Your TE is not the rest of the world's routing slot's problem. Get more
circuits and do your te with your providers directly.

-Blake

I accidentally sent this to nanog-request yesterday. I could use some feedback from anyone that can help, please.

Question: will carriers accept IPv6 advertisements smaller than /48?

Generally, no. Since a /48 should represent nothing larger than a single site, it's not very reasonable to want to route something longer in general.

Our org was approved a /36 based on number of locations. The bulk of those IPs will be in the data centers. As we were chopping up the address space, it was determined that the remote campus locations would be fine with a /60 per site. (16 networks of /64). There are usually less than 50 people at the majority of these locations and only about 10 different functional VLANs (Voice, Data, Local Services, Wireless, Guest Wireless, etc...).

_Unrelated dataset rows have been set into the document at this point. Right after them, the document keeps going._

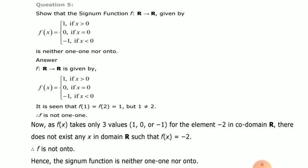Question number 5: Show that the signum function f from R to R, given by f(x) = 1 if x > 0, f(x) = 0 if x = 0, and f(x) = −1 if x < 0, is neither one-one nor onto. Here f(1) = 1 and f(2) = 1, but 1 ≠ 2, so f is not one-one. Also, f(x) takes only 3 values: 1, 0, or −1. So range = {−1, 0, 1} ≠ co-domain R, therefore f is not onto. So the signum function is neither one-one nor onto.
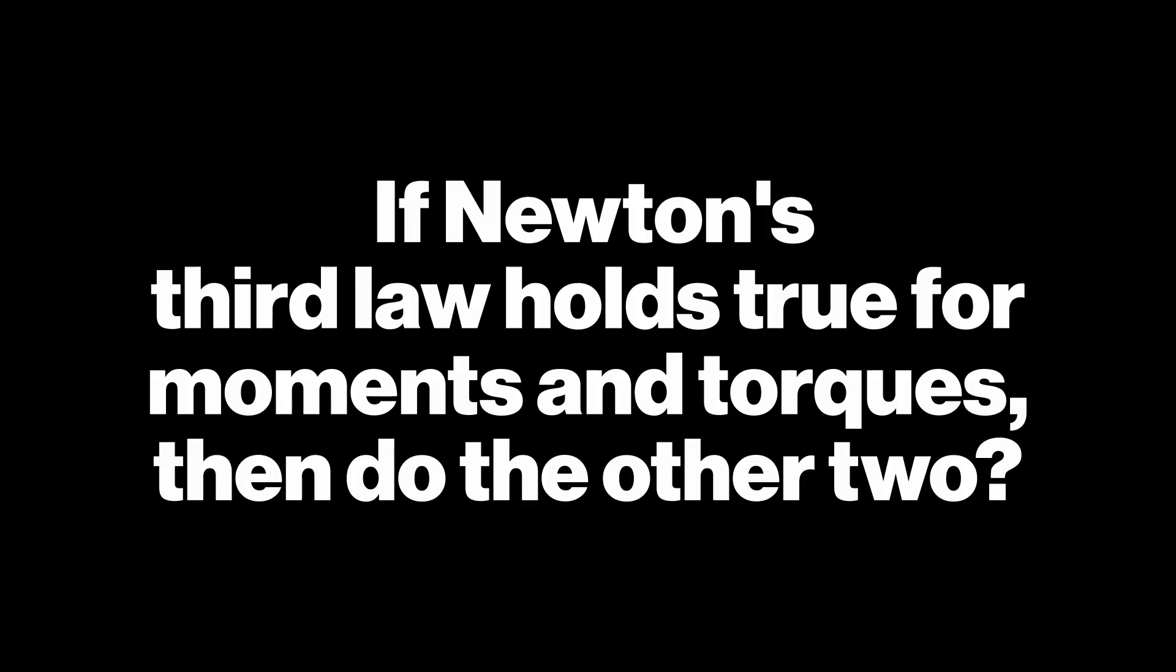Now you might be thinking, if Newton's third law holds true for moments and torques, then do the other two? Well, let's look at Newton's law and see if we can learn anything from them.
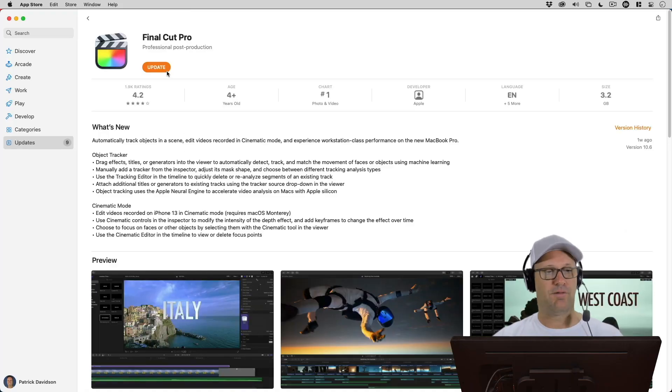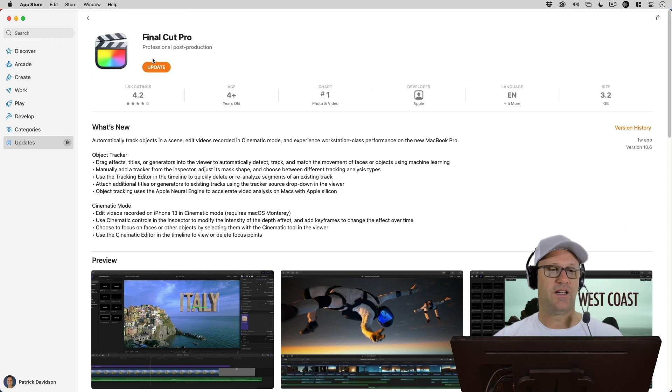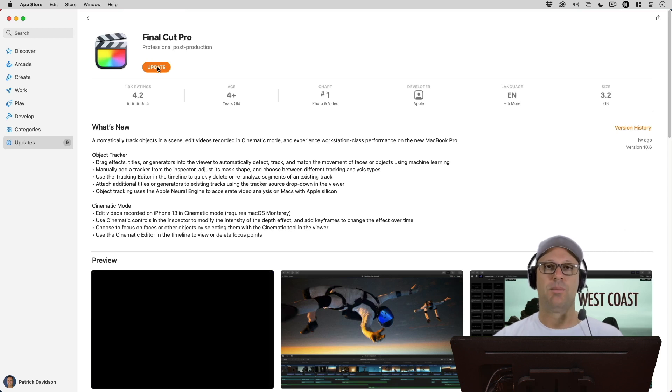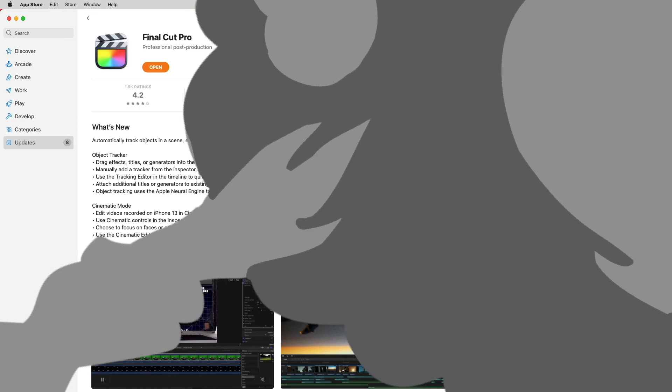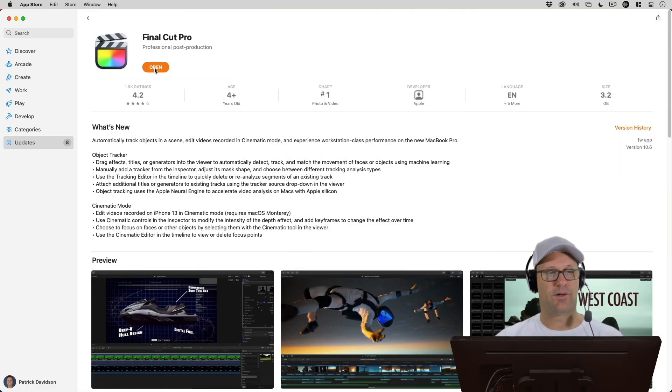So I'm going to go ahead and update Final Cut Pro here. You'll see it's 3.2 gigabytes, so it's going to take a little bit. I'll come back when it's fully updated. Let's go ahead and open Final Cut Pro.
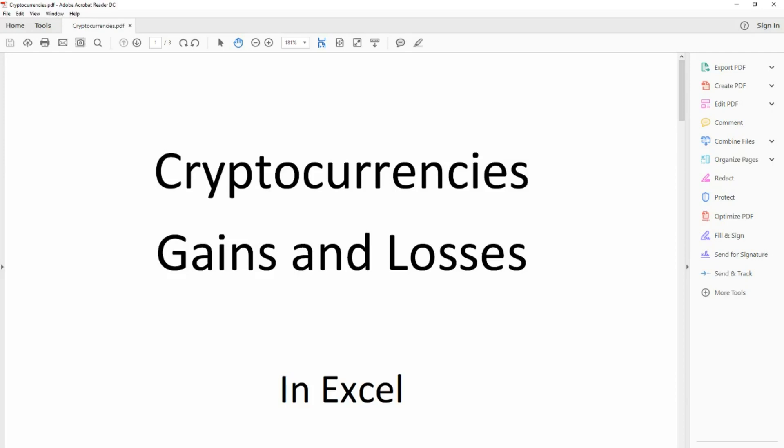G'day everyone, I have put together this video to summarise how I calculated my crypto gains and losses for tax purposes in Australia.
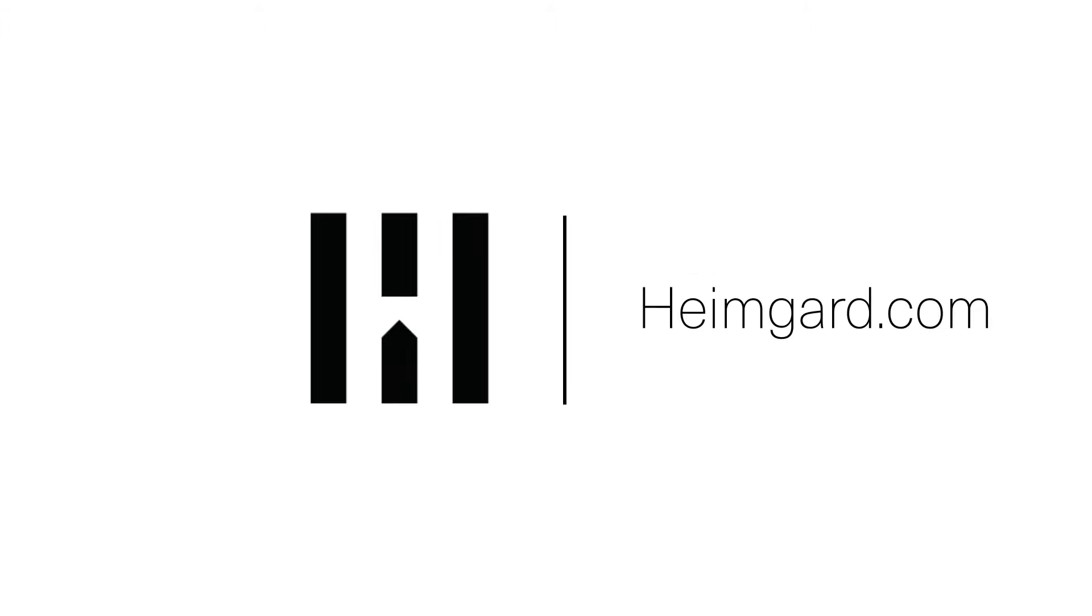Thank you for choosing HeimGuard. Enjoy your new product. For further information, please visit our website, HeimGuard.com.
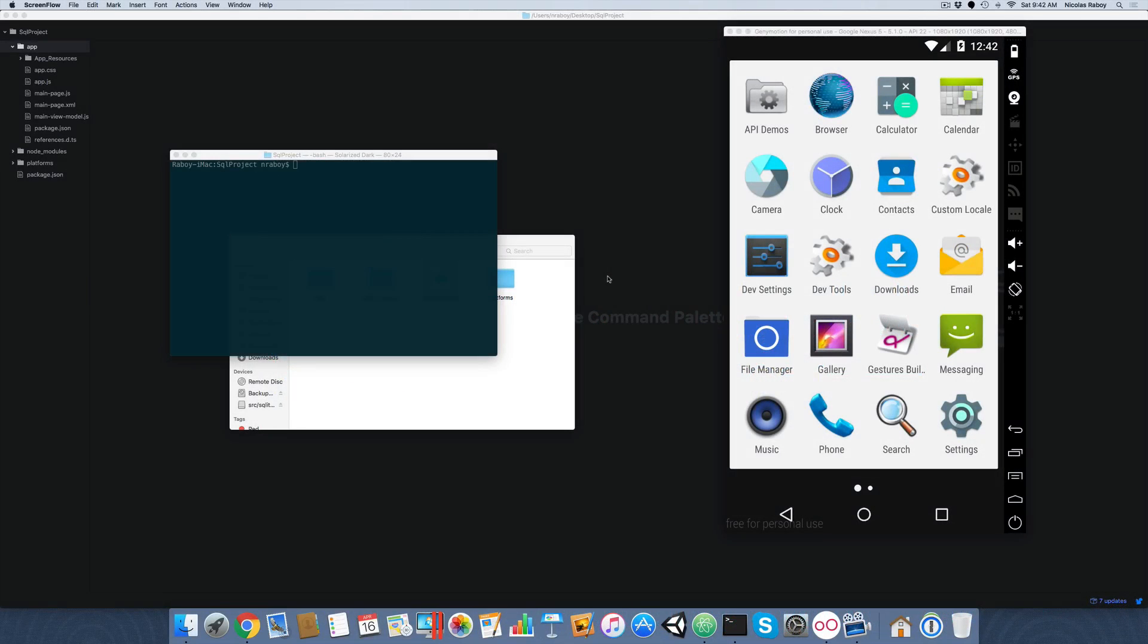Hey, in this tutorial we're going to look at using a pre-populated or pre-filled database within our NativeScript Android and iOS application.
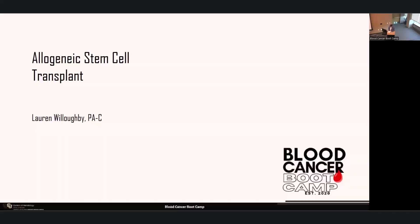We'll go ahead and get started with our next speaker. We have Lauren Willoughby. She's a physician assistant with our program, primarily practicing in the inpatient unit for the last several years. Lauren is also a Colorado native, and she attended undergrad at Colorado State University, where she graduated with a bachelor's degree in health and exercise science. She was accepted to the CUPA program, and after graduation, started her first job with us.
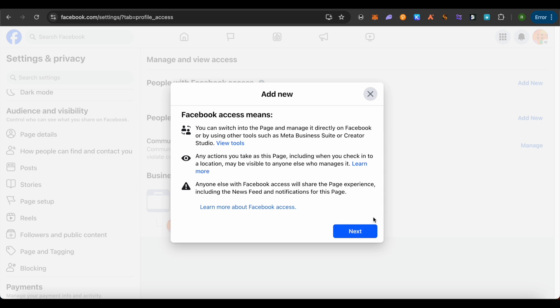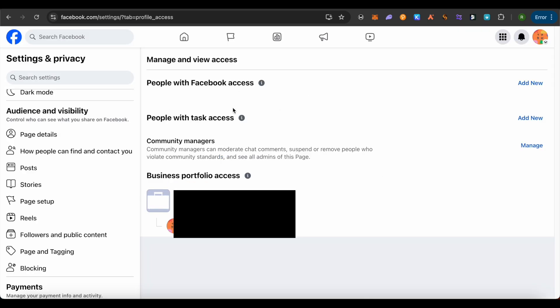Now, after adding the other account and accepting the invitation on your other account, open up this page again. You would be able to see your main account as well as the other account over here.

That's still poor planning, IMHO. You can easily get more than enough /48s to give one to each location. There's absolutely no advantage in the IPv6 world to being stingy with address space and no benefit to not putting at least a /48 at every location.

You've got 10 VLANs, so you're wasting at most 65,526 networks. Compare that to the fact that using a /64 for a VLAN with less than 2,000,000 hosts on it will wast at least 18,446,744,073,707,551,616 addresses and you begin to realize that sparse addressing in IPv6 and large amounts of excess address capacity are intentional.

Now, there has been talk about putting an internet link in every campus rather than back hauling it all to the data centers via MPLS. However, if we do this, then would we need a /48 per campus? That is massively wasteful, at 65,536 networks per location. Is the /48 requirement set in stone? Will any carriers consider longer prefixes?

Massively wasteful is a fact of life in IPv6. Consider it this way... There are two ways to waste address space. One way is, as you describe above, deploying it to locations that are unlikely to fully utilize it.

Another way is to leave it sitting in a free pool until long after the protocol is no longer useful.

With IPv6, we're not so much choosing between wasting address space or not. We're choosing how much address space gets wasted using method 1 vs. how much gets wasted using method 2. Ideally, we arrive at the protocol end of life with some space remaining in both categories of waste.

I know some people are always saying that the old mentality of conserving space needs to go away, but I was bitten by that IPv4 issue back in the day and have done a few VLSM network overhauls. I'd rather not massively allocate unless it's a requirement.

It's a requirement and not massively allocating will bite you harder in IPv6 than space did in IPv4.

IPv4 was designed for a different kind of network. It was designed to support some labs and some institutional environments. It was never intended to be the global public internet. IPv6 has been designed with the idea of addressing absolutely everything from the ground up. The design allows for plenty of /48s to number every building that could possibly fit on every planet in the solar system and several other solar systems.

Frankly, a /48 per campus is underallocating for any campus that has more than one building.

Owen

Get another /48 for your other location.

Owen

Yes, from a filtering point of view a /48 in IPv6 is pretty similar to a /24 in IPv4, as perfectly illustrated by the two links in my post…

My point was that if you are getting the carrier to do the announcement for you then they can announce an aggregated /48 prefix and then break that up inside their network (if their internal policies allow it) to give the OP whatever prefix length per site they have decided on. The carrier only needs to carry the more specific prefixes on their backbone and the rest of the internet sees the aggregated prefix.

This all depends on the architecture of the OP’s network and what services they are buying from the carrier.

Of course, just getting a /48 per site and doing it properly would be the ideal scenario.

Edward Dore
Freethought Internet

Owen, thanks for this explanation. +1!